The details gathered by my program.
platformVendor=Advanced Micro Devices, Inc., err=0
platformName=AMD Accelerated Parallel Processing, err=0
platformVer=OpenCL 1.1 AMD-APP (898.1), err=0
platformExt=cl_khr_icd cl_amd_event_callback cl_amd_offline_devices cl_khr_d3d10_sharing, err=0
Windows 7 Ultimate 64 bit.
I just updated my drivers today. The issue happened in the last driver too.
I've been trying many different ways to get correct results on AMD GPU OpenCL.
My program works fine on:
- NVidia GPU
- Intel CPU (OpenCL)
- AMD CPU OpenGL
...but fails on AMD GPU OpenCL (HD5770). "Fails" means that it either produces all zeros as the result, or AVs (if the kernel uses fma instead of mad)
The kernel source code and host program source are attached. I've also attached a mini-dump of the process at the AV.
If you replace the fma calls with mad calls, it doesn't crash the compiler, but all the results are zeros in that case.
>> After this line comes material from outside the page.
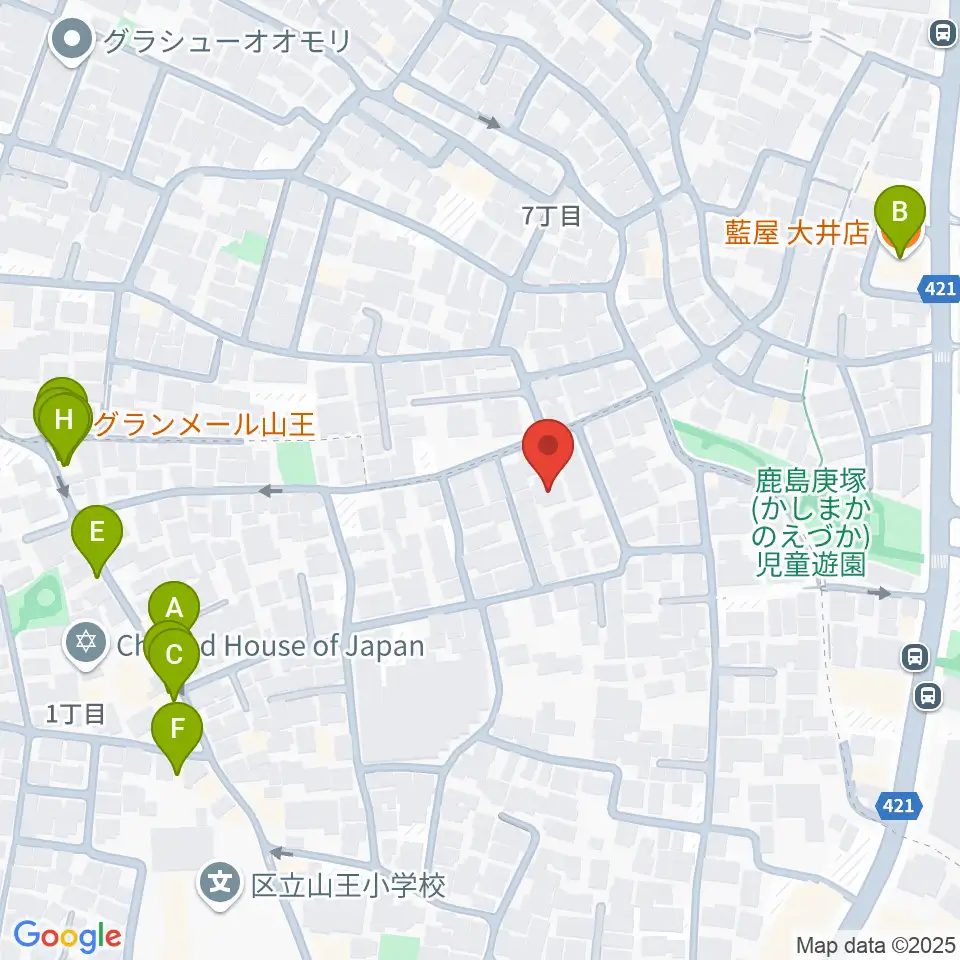 山王オーディアム周辺のファミレス・ファーストフード一覧地図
I've tried using constant memory and pointers, I've tried copying to local memory and doing the compute from there. In all those cases, one of the four implementations did not work correctly. The code right now generates inline code.
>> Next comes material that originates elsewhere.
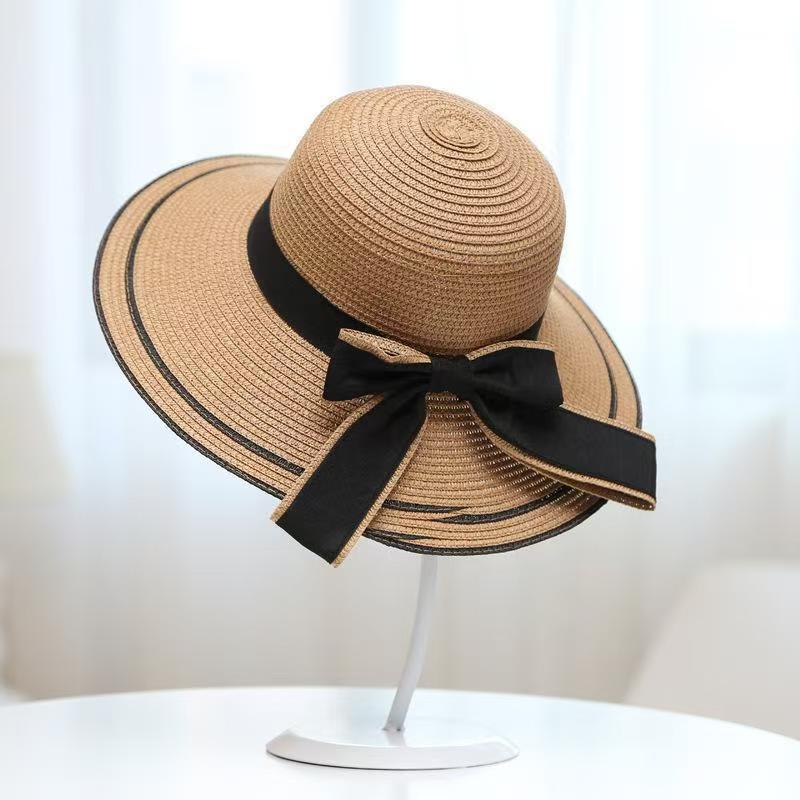 Small fresh straw hat women's anti-sun beach hat seaside sun hat Korean version travel casual sun hat bow hat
I know there are faster ways to do DCTs. This is an experimental program to try out different OpenCL techniques and to experiment with multi-gpu and overlapping reads/writes/executes, and to experiment with out of order queues. I got blocked before implementing much of this, trying to work around issues I encountered on one platform or another.
Please investigate the instability and bad code generation on AMD GPU.